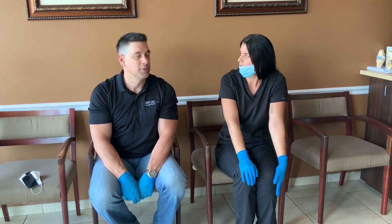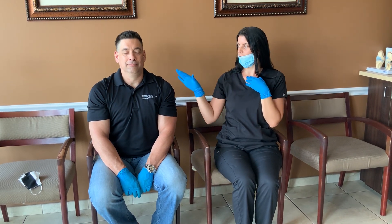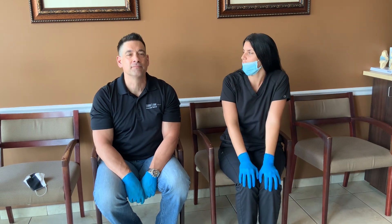Play around with the position to find exactly where the scalenes are on you. Lastly, we'll do retraction — because in our society we always have forward head posture, so retracting the neck is ideal. Make a double chin — triple chin, quadruple chin, whatever — just bring your chin back, hold for a few seconds, and come forward again. Repeat that one ten times as well.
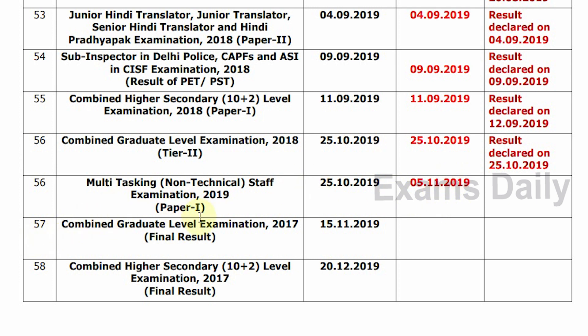Combined Graduate Level Examination 2017 Final Result date is 15-11-2019. Combined Higher Secondary 10th and Plus Two Level Examination 2017 Final Result date is 20-12-2019. To verify the SSC Result Date, check the link in the description box.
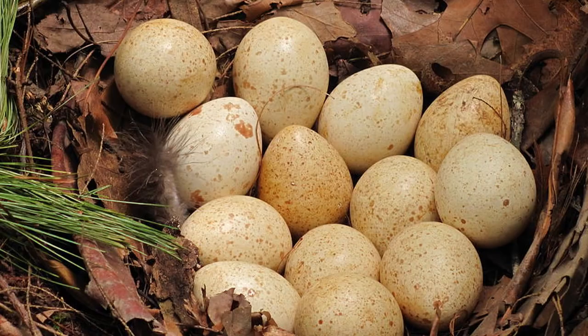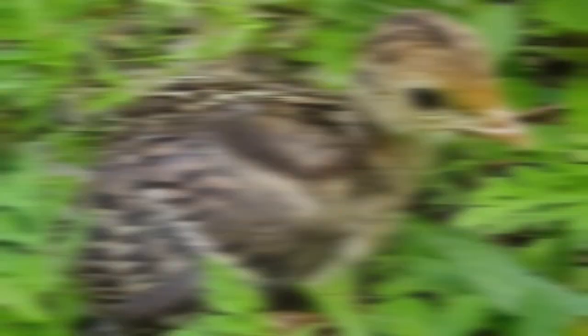Nesting occurs once a year in the spring. The hen lays 8 to 15 eggs in a scrape on the ground, then incubates the clutch for 4 weeks. The young are precocial, meaning that they can scamper off as soon as they hatch. The chicks stay with the hen until the start of the next breeding season.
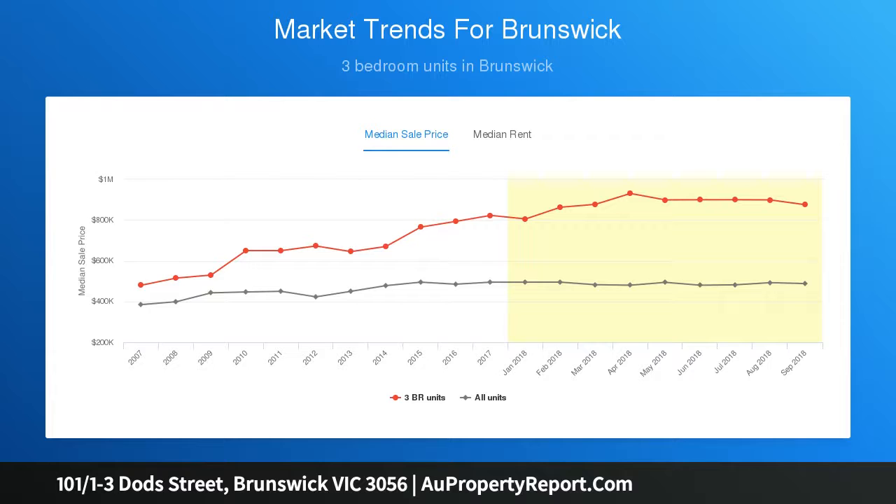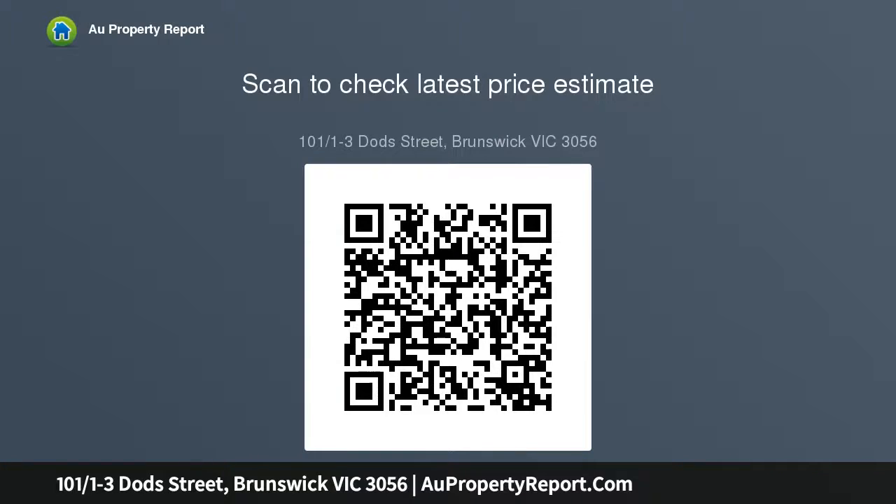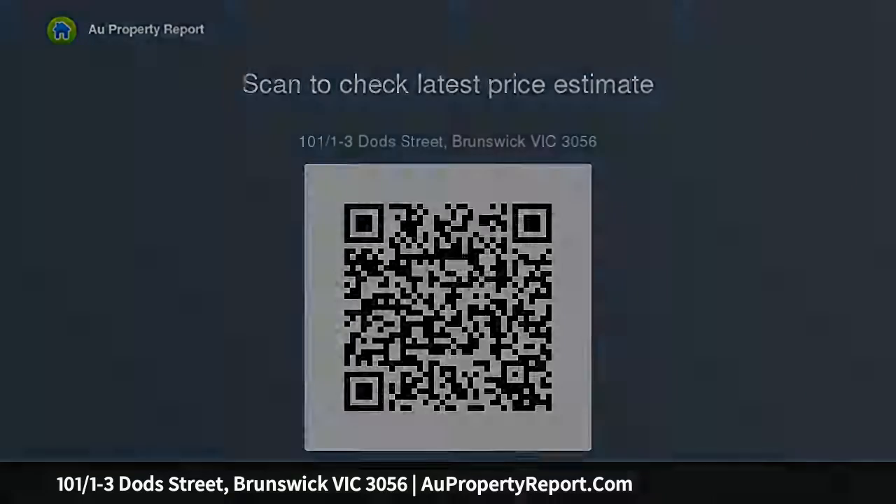Soaring ceilings, whitewashed walls and original hardwood floors accentuate the light-filled layout featuring two spacious bedrooms with built-in robes. The substantial living zone is open to your floor plan ideas, while the Smeg Meal Stainless Steel Kitchen is ready to host dinner parties and that eventual Sunday brunch.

------

Assignment — Without the pictures, print the whole listing exactly as given.

Answer box —
Play around with the position to find exactly where the scalenes are on you. Lastly, we'll do retraction — because in our society we always have forward head posture, so retracting the neck is ideal. Make a double chin — triple chin, quadruple chin, whatever — just bring your chin back, hold for a few seconds, and come forward again. Repeat that one ten times as well.
Combined Graduate Level Examination 2017 Final Result date is 15-11-2019. Combined Higher Secondary 10th and Plus Two Level Examination 2017 Final Result date is 20-12-2019. To verify the SSC Result Date, check the link in the description box.
Nesting occurs once a year in the spring. The hen lays 8 to 15 eggs in a scrape on the ground, then incubates the clutch for 4 weeks. The young are precocial, meaning that they can scamper off as soon as they hatch. The chicks stay with the hen until the start of the next breeding season.
Soaring ceilings, whitewashed walls and original hardwood floors accentuate the light-filled layout featuring two spacious bedrooms with built-in robes. The substantial living zone is open to your floor plan ideas, while the Smeg Meal Stainless Steel Kitchen is ready to host dinner parties and that eventual Sunday brunch.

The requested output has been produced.